Quantas vezes ouvi, em tom de velada repreensão, sábias vozes femininas, dizerem que o lugar da mulher é no lar, especialmente se a nobre tarefa da maternidade lhe bateu à porta.
Não foi exactamente esse o rumo que segui, e pela escolha, também não carrego culpa.
Tenho duas filhas, já adultas, e hoje posso dizer-lhes sem facilitismos, ou palavras bonitas, porque é que nem sempre, fui tão doce quanto gostariam, e porque é que impunemente, de quando em vez, o “NÃO” perentório, escamoteava as minhas inseguranças.
O mundo da forma que está, não foi feito para facilitar a minha tarefa de mãe-trabalhadora.
Quando engravidei da minha primeira filha, a ideia de parar de trabalhar, nem me passou pela cabeça.Primeiro porque precisava de dinheiro, e ainda mais, depois de a ter nos braços... O trabalho era parte integrante de minha vida, bem como a empreitada materna, estando descartada a hipótese de eliminar qualquer uma destas obrigações.

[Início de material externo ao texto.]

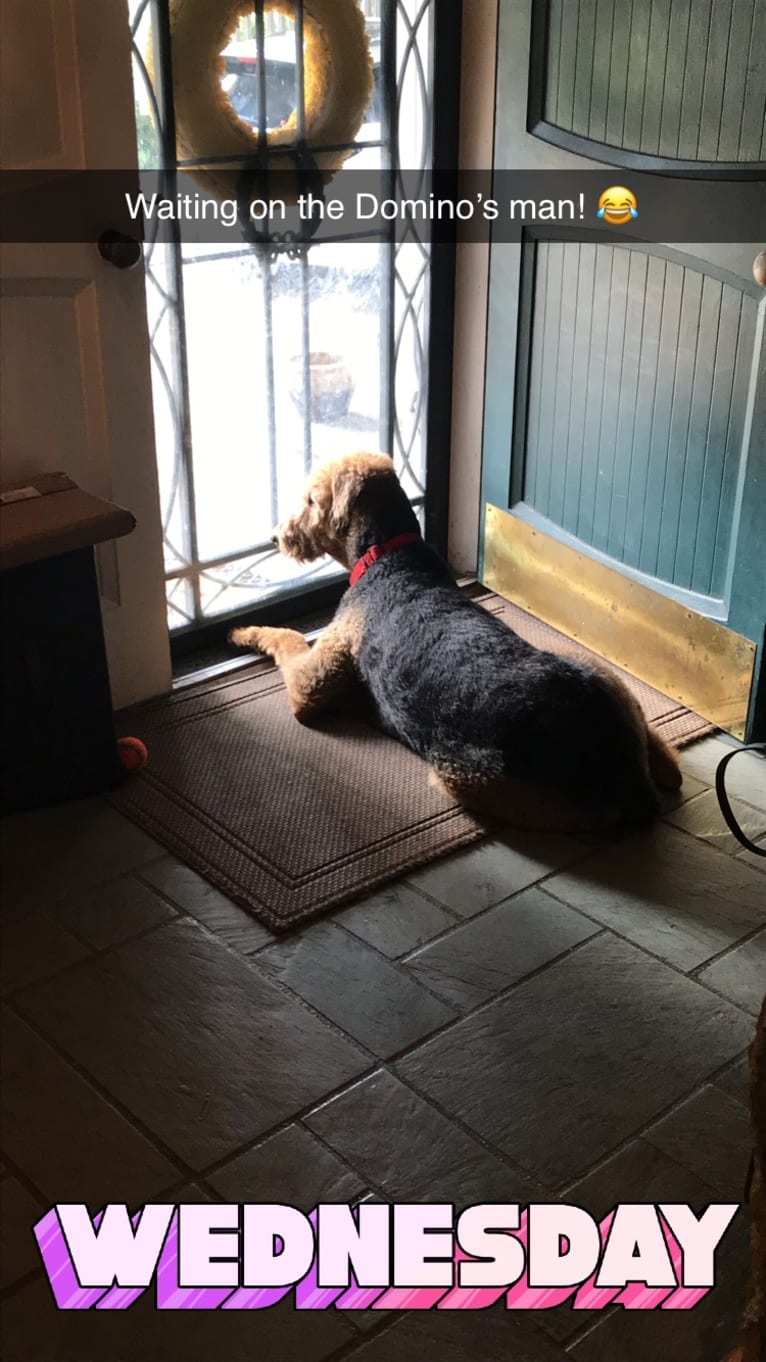 Sulley, an Airedale Terrier tested with EmbarkVet.com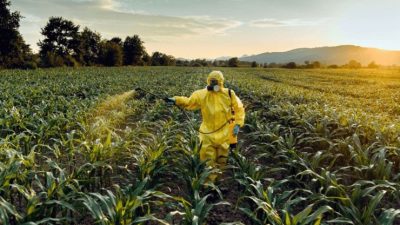 Avrupa Birliği’nin son raporuna göre, Türkiye’den ihraç edilen 27 gıda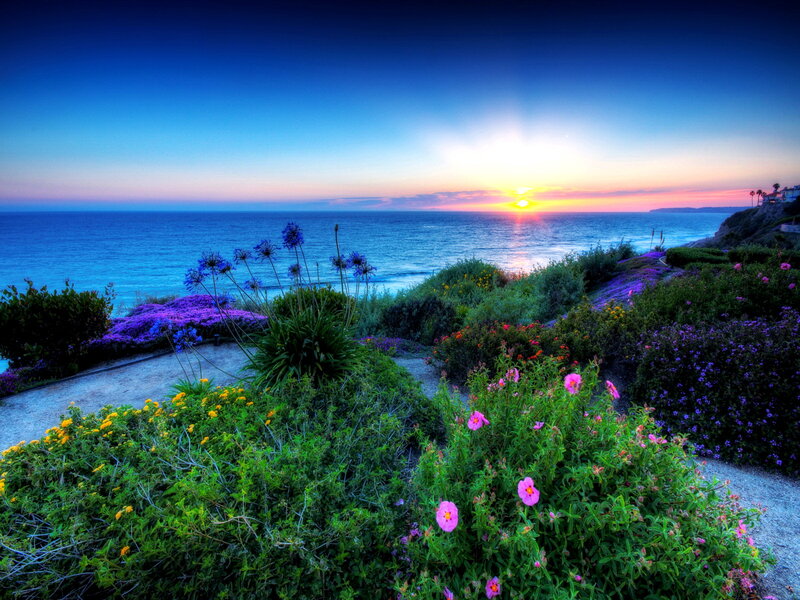 Flowers on a Cliff — Blue, Serene, Sunset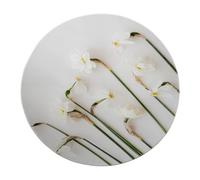 Tappeto rotondo morbido a pelo corto in stile minimalista 200cm - Tappeto circolare floreale narciso bianco pieghevole per spogliatoio Balcone
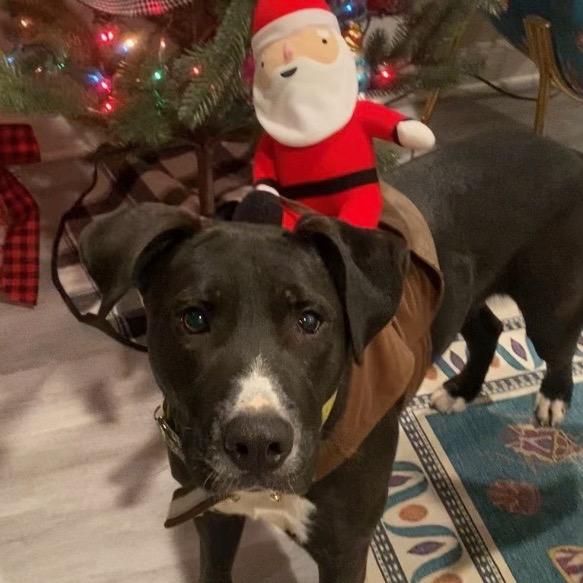 Enlarge Rambo, a Adoptable mixed breed in Bartlett, TN image 6/6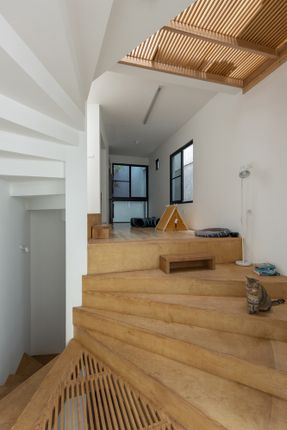 Loli House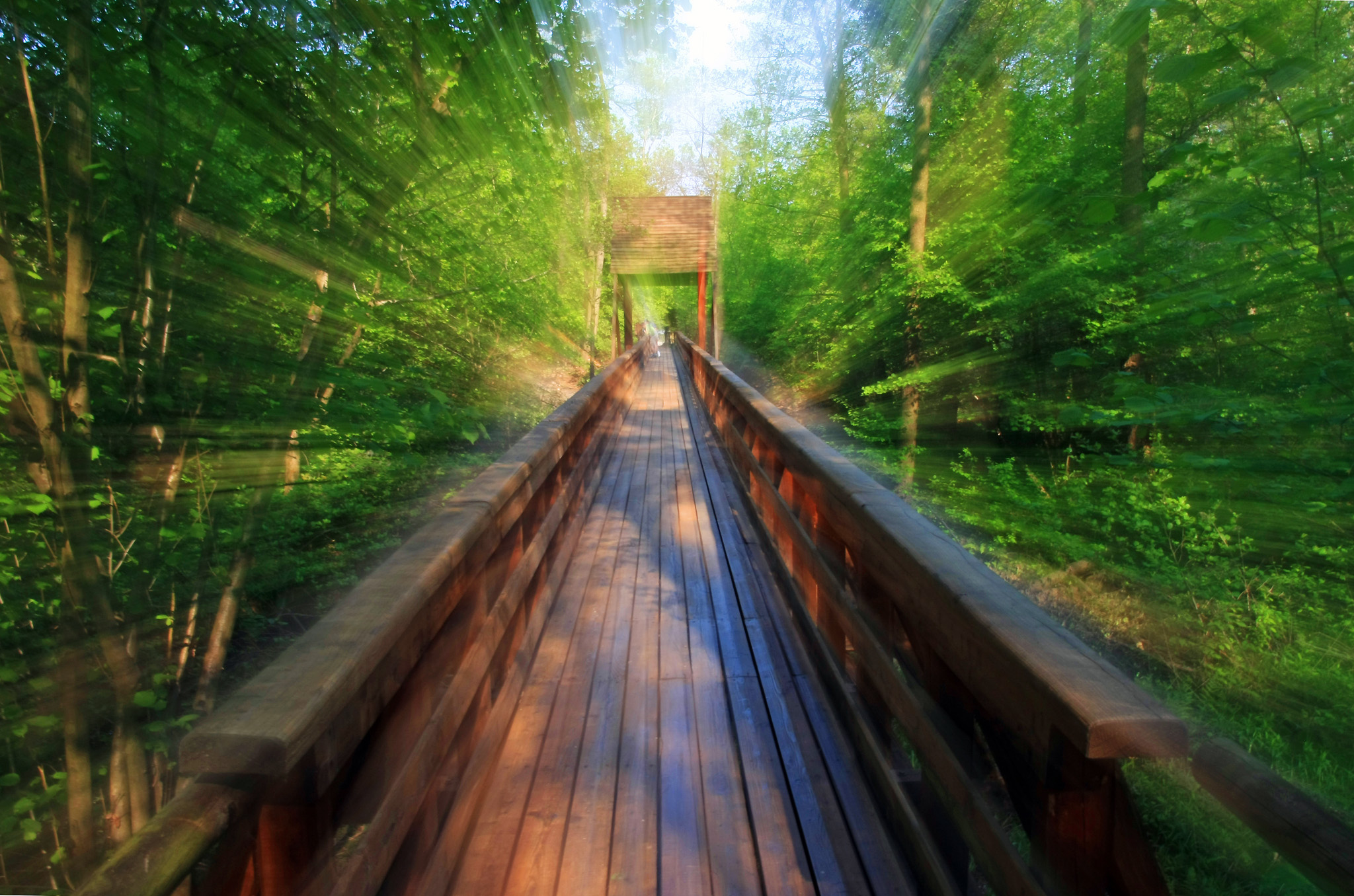 Running through the bridge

Sei da luta interior, que enfrentei, para me permitir aquilo que para qualquer homem, é apenas um processo natural: o direito ao trabalho.
Decidi por isso, que trabalho e eu viveríamos em comunhão, tentando a maior harmonia possível.
E foi a partir do momento, em que a minha primeira filha nasceu, que comecei a educá-la.
Não ensinei a um bébé de um dia, elementos de etiqueta, não lhe disse que não deveria pôr o dedinho no nariz, mas iniciei logo um processo de amor, e que ela era muito amada, e essa era razão, fundamental da sua presença no mundo.
E daí por diante, quando decidi que teria mais filhos, e nasce a minha segunda filha, o processo desenvolve-se de forma natural, sempre a fazer questão de transmitir que o trabalho da mãe, não era, nem nunca se tornaria num empecilho, que pudesse de algum modo, sobrepor-se ao amor que por elas tinha.
Quantas vezes ao ir para o trabalho, as duas me pediam para não ir e para ficar com elas a brincar, quantas vezes, quando alguma delas, doente, teve que ficar com alguma das avós, para eu passar o dia trancada no escritório? Cheguei a sentir-me a mais sinistra das mulheres.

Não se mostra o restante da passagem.